Banzhaf cited analyses by constitutional scholars who pooh-poohed concerns that the 12th and 22nd Amendments bar a former two-term president from the vice presidency. “The 22nd Amendment, which is most frequently cited as a bar to Barack Obama ever serving as president again, doesn’t — according to its carefully crafted and very narrow exclusionary language,” Banzhaf said.
The critical sentence in the amendment says, “No person shall be elected to the office of the president more than twice, and no person who has held the office of the president, or acted as president, for more than two years of a term to which some other person was elected president shall be elected to the office of the president more than once.” Banzhaf added that “while this amendment may bar Obama from ‘being elected’ to the office of president again, it obviously and by its clear language doesn’t prohibit him from being elected as vice president, and subsequently becoming president by succession without ever being elected to the office again.”

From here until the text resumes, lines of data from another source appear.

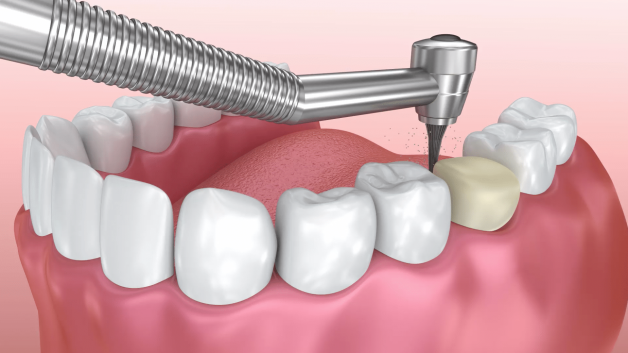 Để có thể gắn được mão răng lên, bác sĩ sẽ tiến hành mài cùi răng thật của bệnh nhân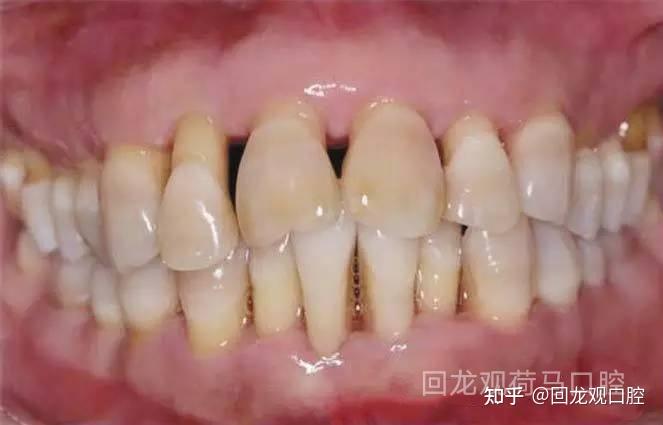 严重的牙周炎常有明显的病理性牙移位或松动,但牙齿矫正同时也是在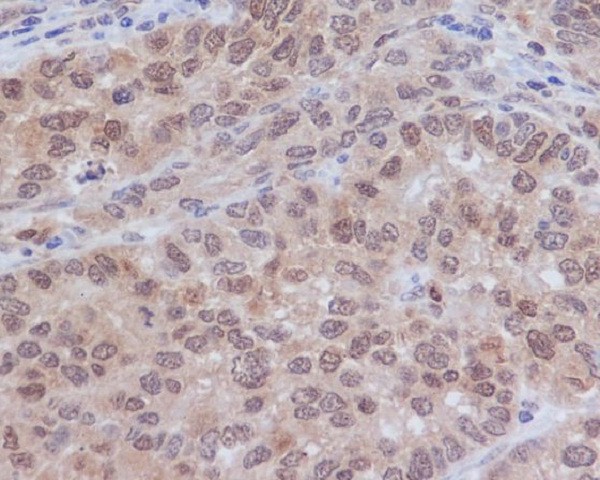 ERK2 Rabbit mAb ABZ5006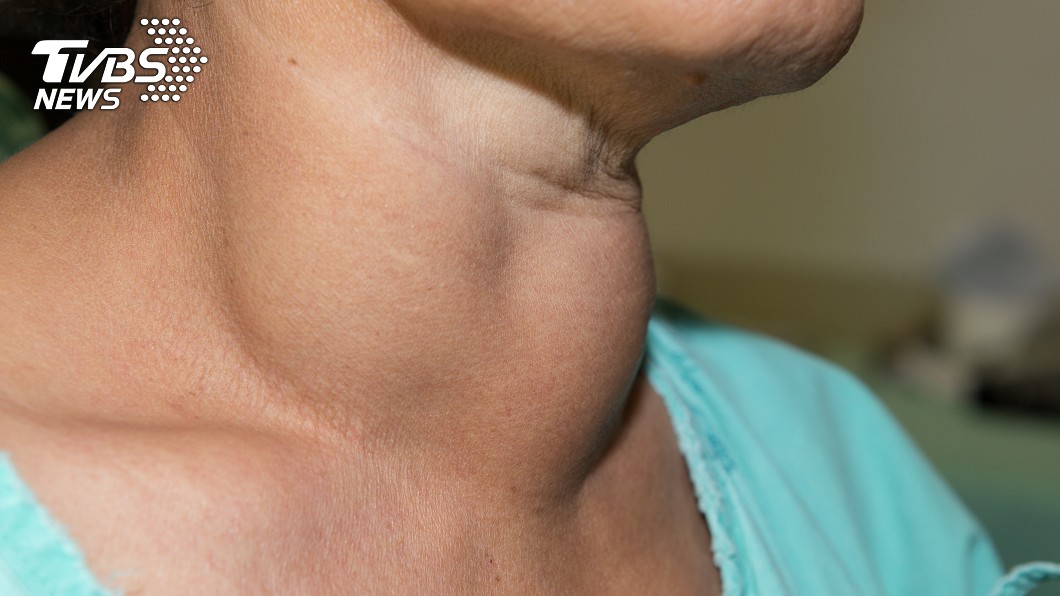 若出現腫塊，很有可能是身體發出警訊。示意圖／TVBS 脖子和耳後長腫塊？　別輕忽身體發出的「4大警訊」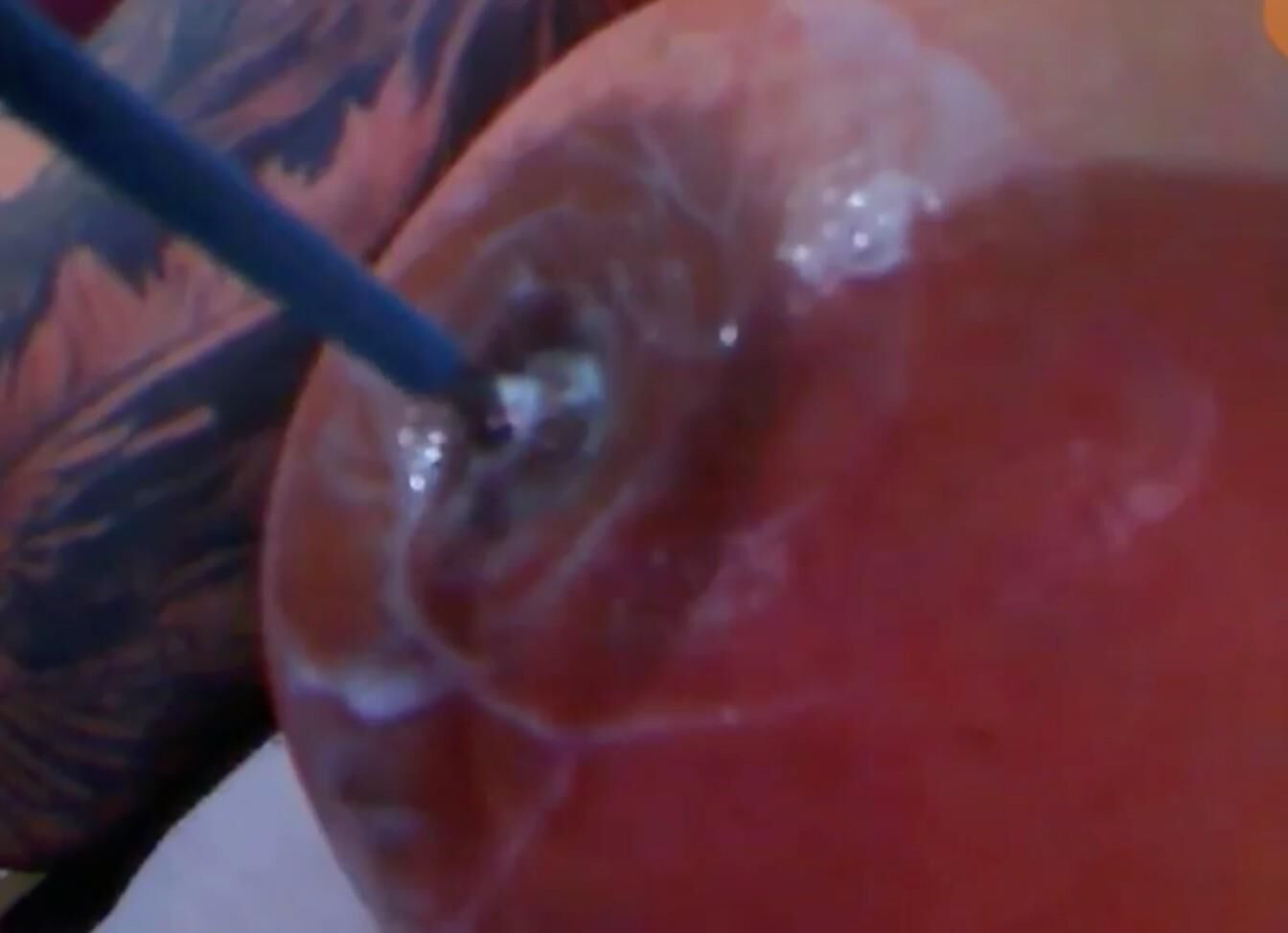 Inserting needles and skewers in nipples - making them inverted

He further broke down the language of the 12th Amendment. “According to the overly precise language deliberately carefully chosen by the drafters, Obama cannot ‘be elected to the office of the president,’ but there’s nothing to say that he cannot be elected to the office of the vice president, and then succeed to the presidency if Biden becomes unable to perform his presidential duties or simply resigns. In other words, Obama is not now ‘ineligible to the office of president’ and therefore ineligible to run for vice-president; rather he is only ineligible to be ‘elected’ to the office of the president, not ineligible to attain the office by succession,” he wrote in an email.
“Rather than simply offering the public the opportunity to have a second-term Biden president supported and backstopped by a very popular and clearly very capable former president Obama, and having someone with experience and a proven record as commander in chief should Biden not be able to continue to serve at anytime during a second four-year term, Biden might even consider announcing before the election that, if elected president, he would resign shortly after his inauguration so that Obama can then become president,” Banzhaf wrote.

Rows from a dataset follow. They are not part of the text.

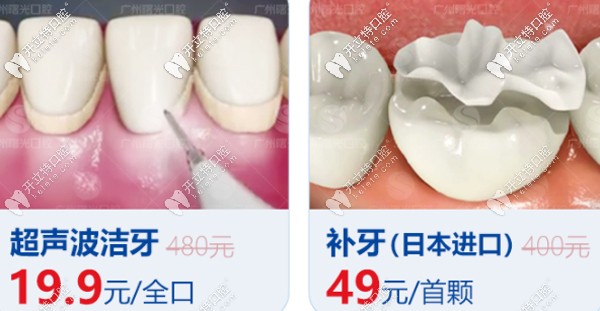 曙光口腔洗牙、補(bǔ)牙優(yōu)惠看這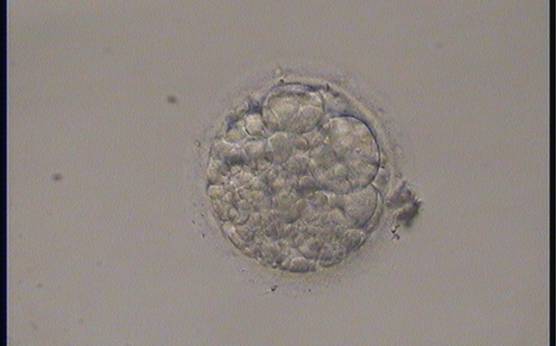 <p><strong>Figure 241 (b)</strong></p><p>In the other two focal planes only one to two cells can be seen (b and c). The embryo was generated by ICSI but was not transferred.</p>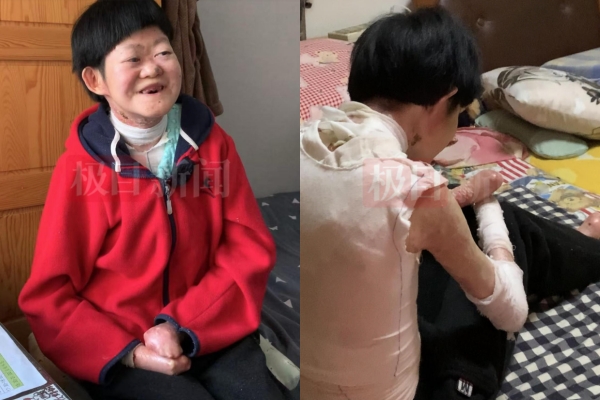 高尚好近照。 極目新聞 高尚好近照。 極目新聞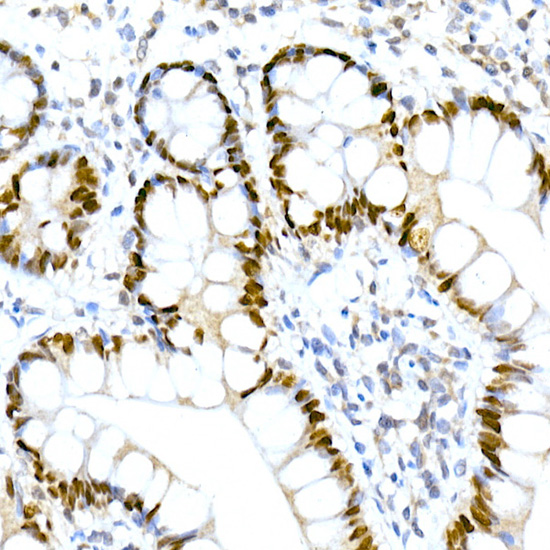 HNF-4-alpha Rabbit monoclonal antibody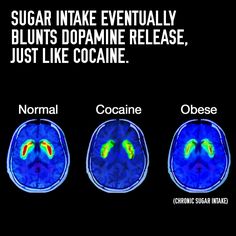 Sugar Is The&nbsp;Devil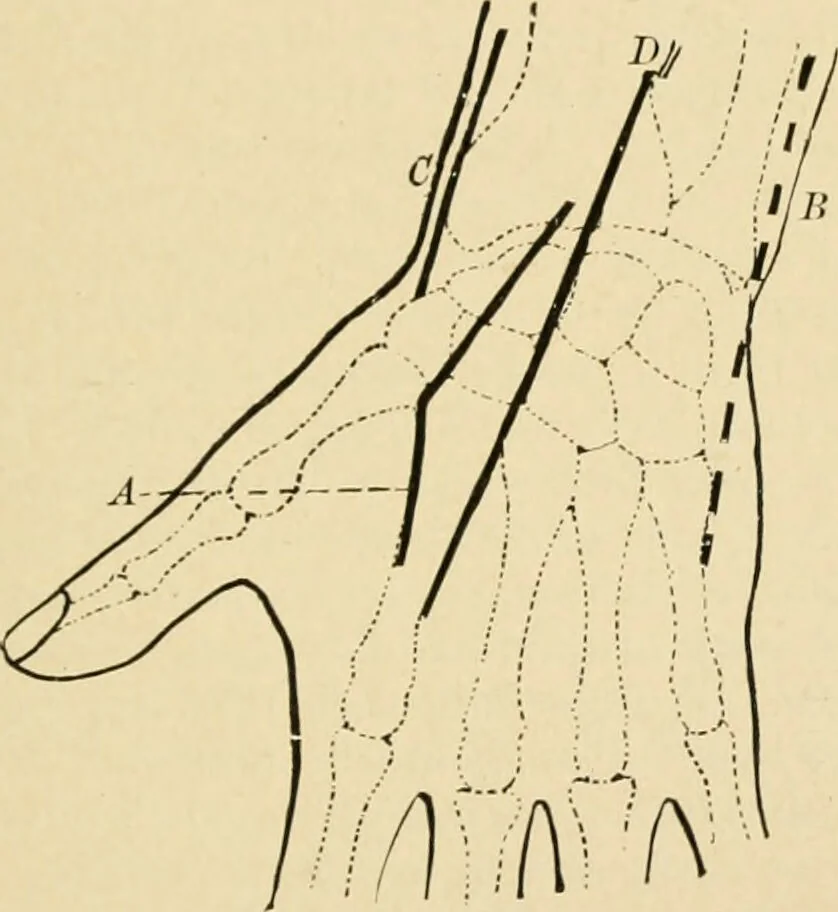 An illustration from The principles and practice of modern surgery / by Roswell Park ... with 722 engravings and 60 full-page plates in colors and monochrome., 1907, leaf 481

However, others argue that the 12th Amendment actually does prevent Obama from even becoming vice president. While the concept is interesting, the final section of the 12th Amendment states: “But no person constitutionally ineligible to the office of President shall be eligible to that of Vice-President of the United States.” How this interacts with the 22nd Amendment, which limits presidents to two elected terms, is uncertain, but on the face of it, Obama wouldn’t be permitted now to become vice president.